Konflik-konflik yang terjadi , bila kita melihat waktu terjadinya, di Indonesia pada waktu itusudah menerapkan UUPA . Oleh karena itu pelanggaran-pelanggaran seperti itu dan yang masih terjadi hingga detik ini sebenarnya terdapat beberapa hal yangbertentangan dengan ketentuan dan politik hukum dalam UU tersebut. Pertama, mengenai asas larangan pemerasan orang oleh orang lain yang dimuat dalam pasal 11 UUPA yang  mengatur mengenai perlindungan ekonomi lemah (golongan rakyat), peristiwa yang menimpa Ali Badi pada tahun 2008 Warga Desa Runtu,Kabupaten Kota Waringin Barat, Kalimantan Barat yang dimuat dalam catatan tempo institute dan Sawit Watch melaporkan bahwa perusahaan berinisial SSS dengan dibantu oleh pemerintah desa setempat meratakan lahan pertaniannya bersama dengan kelompok tani beliau yang berjumlah 49 orang, saat beliau menemui pemerintah setempat untuk mendapatkan pembelaan, tetapi yang didapat justru pernyataan bahwa tanah tersebut masuk Hak Guna Operasi PT SSS.Kedua, mengenai peampasan hak-hak ulayat adat, seperti halnya ketika warga masyarakat adat setempat dilaporkan kepada polisi hutan atau pihak berwenang lainnya dengan tuduhan mencuri hasil kebun, padahal menurut pasal 1 Peraturan Menteri Negara Agraria/Kepada Badan Pertanahan Nasional No.5 Tahun 1999 tentang Pedoman Penyelesaian Masalah Hak Ulayat Masyarakat Hukum Adat, yang dimaksud hak ulayat pada intinya adalah kewenangan yang dimiliki oleh masyarakat adat disuatu wilayah tertentu untuk mengelola dan mengambil manfaat dari sumber daya alam di wilayah tersebut, ditambah lagi pembohongan oleh perusahaan mengenai HGU (Hak Guna Usaha) yang seringkali diperpanjang dengan tidak melihat aturan baku dari UUPA, seperti halnya masyarakat Sanggau, Kalimantan Barat yang diakal-akali oleh perusahaan mengenai peminjaman tanah selama 25 tahun, lalu dibuat sertifikasi HGU (Hak Guna Usaha) berjangka 35 tahun lalu diperpanjang lagi selama 60 tahun sehingga menjadi 95 tahun, dan yang paling parah tanah yang bersertifikasi HGU terebut dijual ke perusahaan lain, sehingga tanah tersebut jatuh ketangan orang asing yang warga setempat tak tahu menahu mengenai hal tersebut, pada 1985 mereka menyerahkan 718 hektare untuk program PIR-trans, lalu lahan yang kembali hanya 243 ha pun dan itupun masih kredit.
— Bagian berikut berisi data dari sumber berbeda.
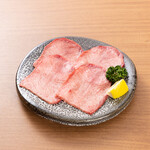 焼肉 水谷 - 【熟成タン】2100円20日間以上ドライエイジングさせた和牛タン。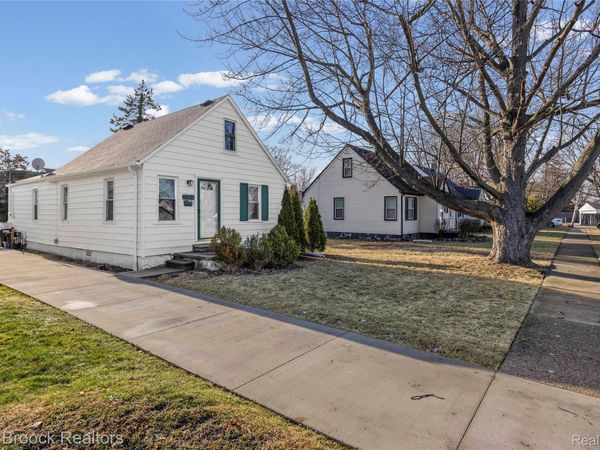 20240 Hollywood Street , Harper Woods, Mi 48225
Itulah dua masalah masalah yang masih membelenggu masyarakat Indonesia dan membuat UUPA masih belum berjalan dengan efektif hingga saat ini, sehingga permasalahan agraria seakan tak pernah ada habisnya. UUPA sebagai sebuah cita-cita dan politik hukum dalam pembaharuan agraria seakan hanya sebatas pemanis untuk melagengkan eksploitasi atas nama pembangunan, peraturan pendukung yang merupakan amanat dari UUPA hingga saat ini masih banyak yang menjadi pekerjaan yang tak terselesaikan, belum lagi ketidak sinkronan antara cita-cita dan politik hukum UUPA dengan peraturan-peraturan baru yang akhir-akhir ini dibuat yang justru melagengkan penghisapan atas tanah. Semoga tulisan ini dapat menjadi rekleksi atas kontradiksi yang terjadi selama ini atas nama pembangunan.